Given information:

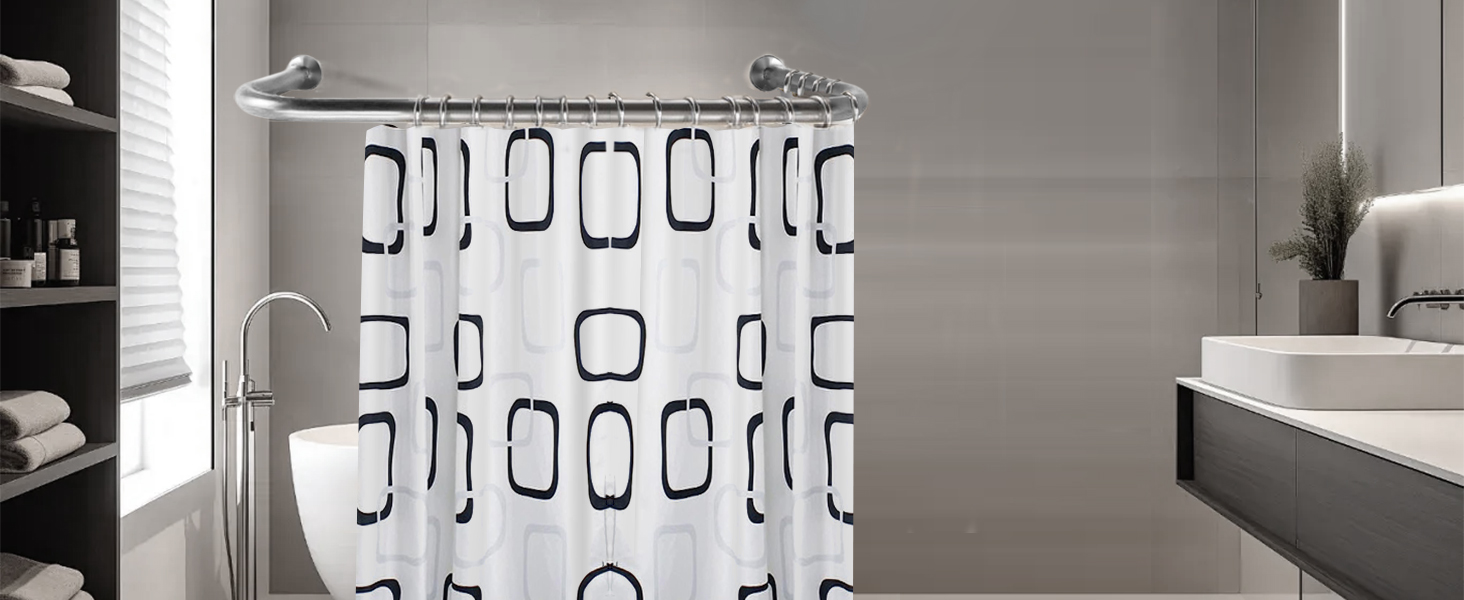 Штанга для душу U-подібна, 85-120 см, не потребує свердління, з нержавіючої сталі 304, для ванної/душу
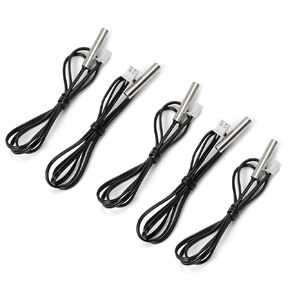 B3950 Thermistor Temperature Sensor 10K Sensitive NTC Probes 1m Cable, 5Pcs Waterproof Temp Sensor Probe
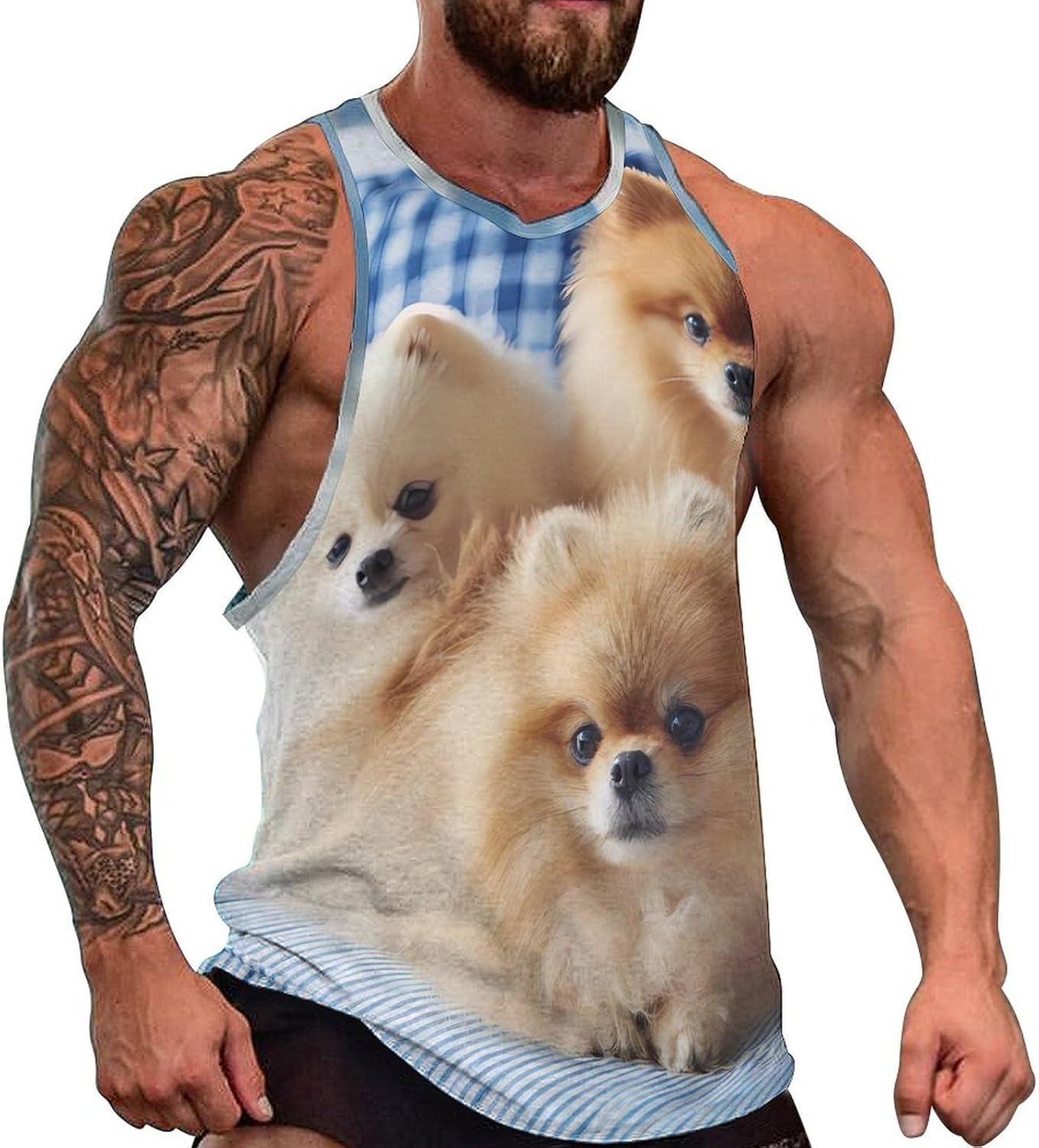 Funny Pomeranian Men Tank Top Workout Shirt Muscle T Shirt 5XL
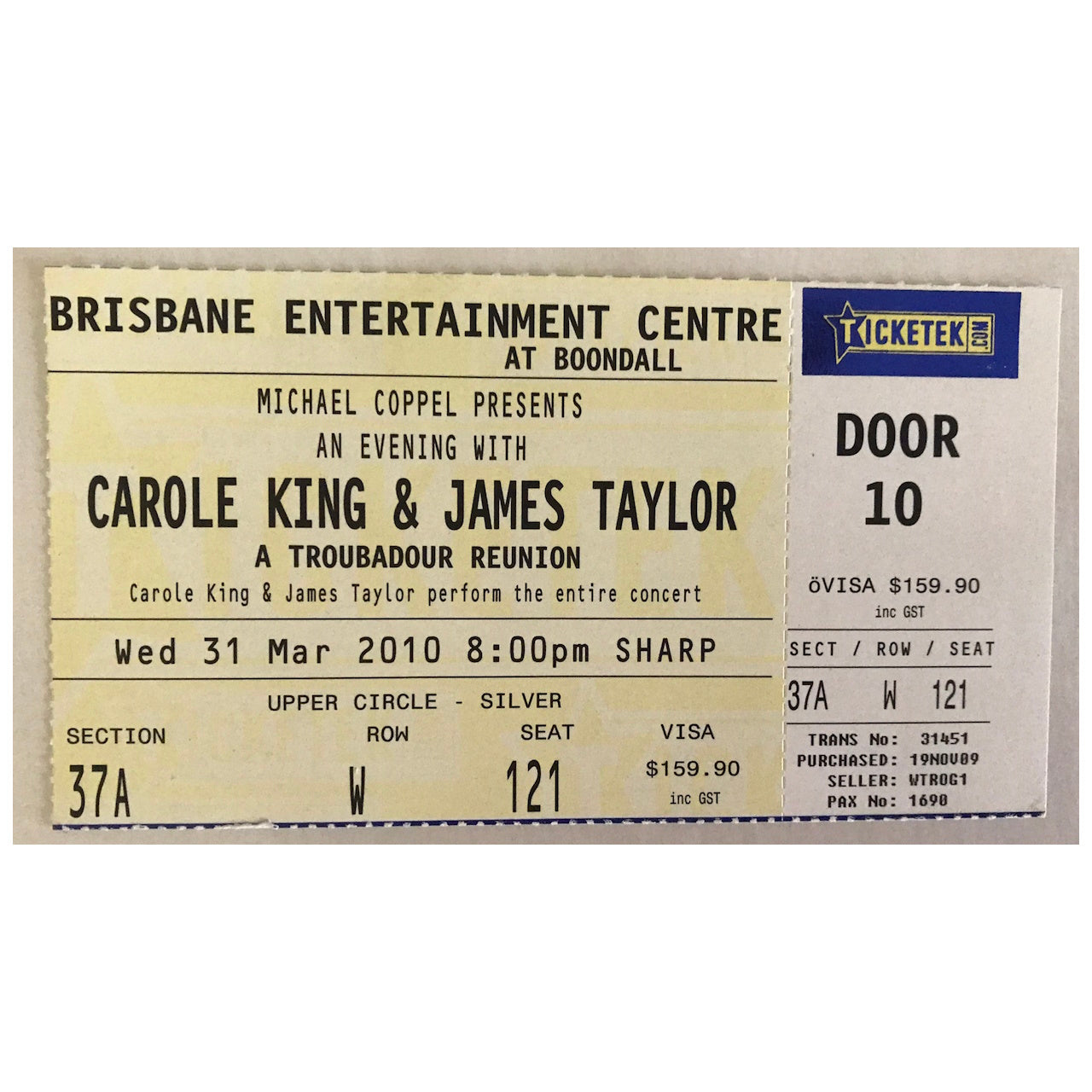 Carole King & James Taylor - Troubadour Reunion Tour 2010 Original Concert Tour Program With Concert Ticket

Exercise: What you give back must match the material word for word, with no images included.

Task output:
 Штанга для душу U-подібна, 85-120 см, не потребує свердління, з нержавіючої сталі 304, для ванної/душу
 B3950 Thermistor Temperature Sensor 10K Sensitive NTC Probes 1m Cable, 5Pcs Waterproof Temp Sensor Probe
 Funny Pomeranian Men Tank Top Workout Shirt Muscle T Shirt 5XL
 Carole King & James Taylor - Troubadour Reunion Tour 2010 Original Concert Tour Program With Concert Ticket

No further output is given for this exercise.